NOVO-OGORYOVO, Russia (Reuters) - Russian President Vladimir Putin drove home Moscow's desire to preserve its newfound friendship with Washington Thursday, despite strains over Iraq and a growing tide of anti-U.S. feeling in Russia.

Putin, often strident in his criticism of the U.S.-led war in Iraq, told reporters at a hastily organized news conference that Russia would not let emotions guide its diplomacy.

"Russia has cooperated and will continue to cooperate with the United States," Putin said. "This policy is in Russia's interest and in the interest of most of the international community. I am convinced that at the end of the day ... this is also in the interest of the United States."

Putin spoke at his residence just outside Moscow after one of Russia's most senior Muslim leaders called for a jihad or holy war against the United States.

Russian public opinion has turned sharply against Washington's policies, although street protests have been confined to a handful of demonstrators.

A poll published Thursday by the Public Opinion Foundation found 58 percent of the 1,500 respondents wanted Iraq to win the war. Only 3 percent backed the United States.

"I can understand those people who cannot hold back. I understand and in general agree with their opinions. They are especially understandable after you watch television footage from the front line," Putin said.

"But at the same time, I think it is ill advised to follow emotion while considering or taking any decisions."

Moscow and Washington have built a close friendship. The Kremlin has supported the U.S. war on terror that followed the Sept. 11, 2001, attacks on U.S. cities.

But a diplomatic dispute over Iraq, often reminiscent of Cold War rivalry, has strained ties. Russia, with long-standing economic links with Iraq, fears its interests may be ignored in a postwar settlement should Iraqi leader Saddam Hussein be removed.

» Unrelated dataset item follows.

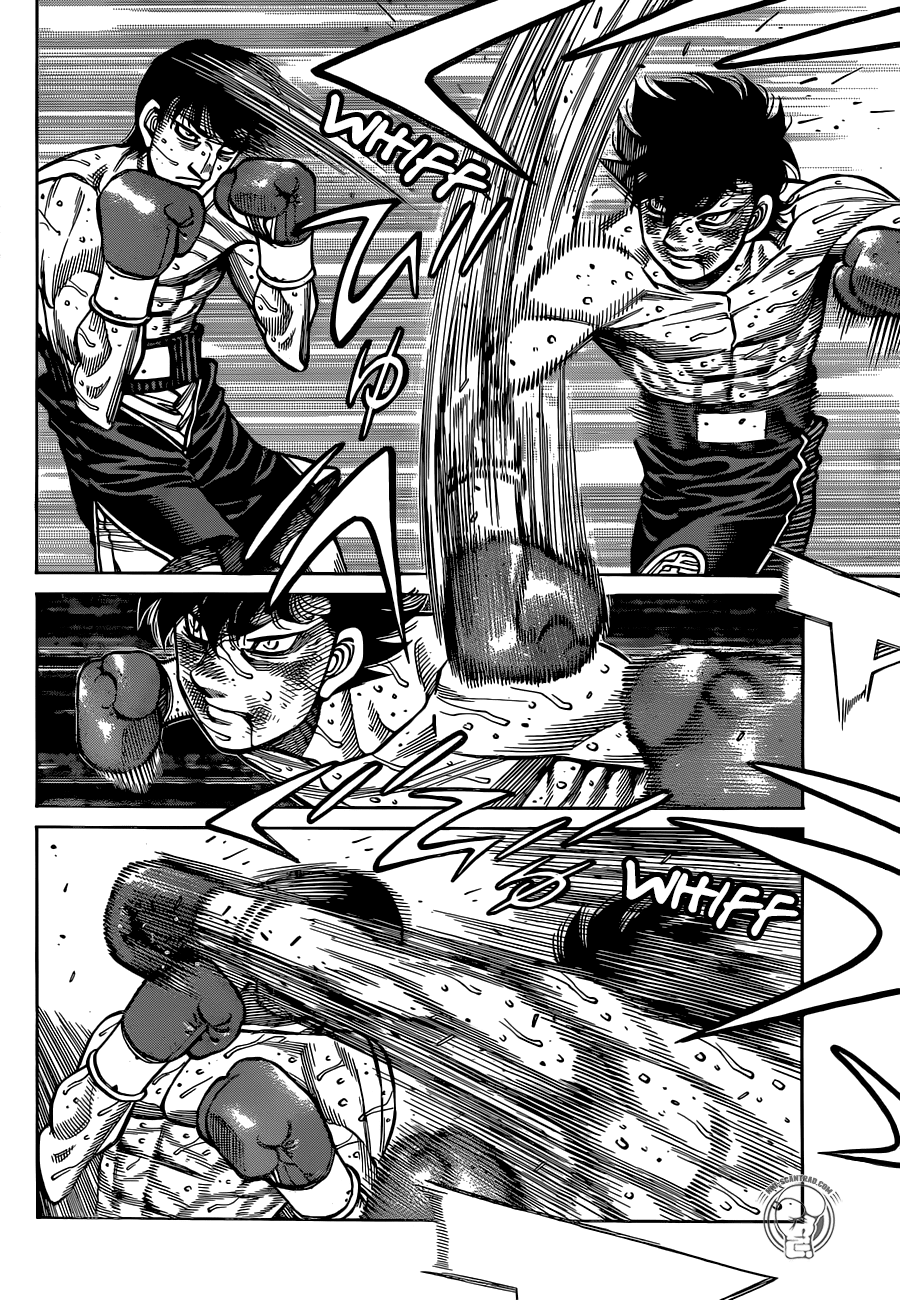 Hajime no Ippo Chapter 1297 page 2 - Chapter 1297: Show Me The Real You!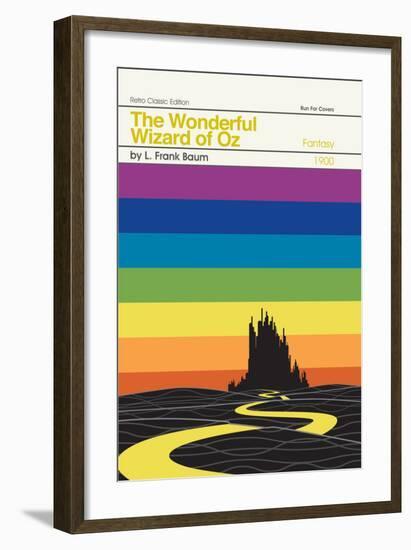 The Wonderful Wizard of Oz-null-Framed Giclee Print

In an article published in the Friday edition of the Izvestia daily, U.S. Ambassador Alexander Vershbow said the two sides' friendship could survive the Iraq disagreements and vowed the United States would not freeze Russia out of deals struck in postwar Iraq.

"We understand Russia worries that a change in regime will have an impact on existing oil contracts and on the servicing of Iraq's debt to Russia," Vershbow said in a front-page article.

"We call on Russia to participate in discussions on a postwar strategy for Iraq and to supply humanitarian aid to the Iraqi people. This could contribute to strengthening Russia's role in a postwar settlement."

Putin spoke after Secretary of State Colin Powell and Russian Foreign Minister Igor Ivanov held talks in Brussels, the first face-to-face meeting between senior officials since the U.S.-led military campaign began two weeks ago.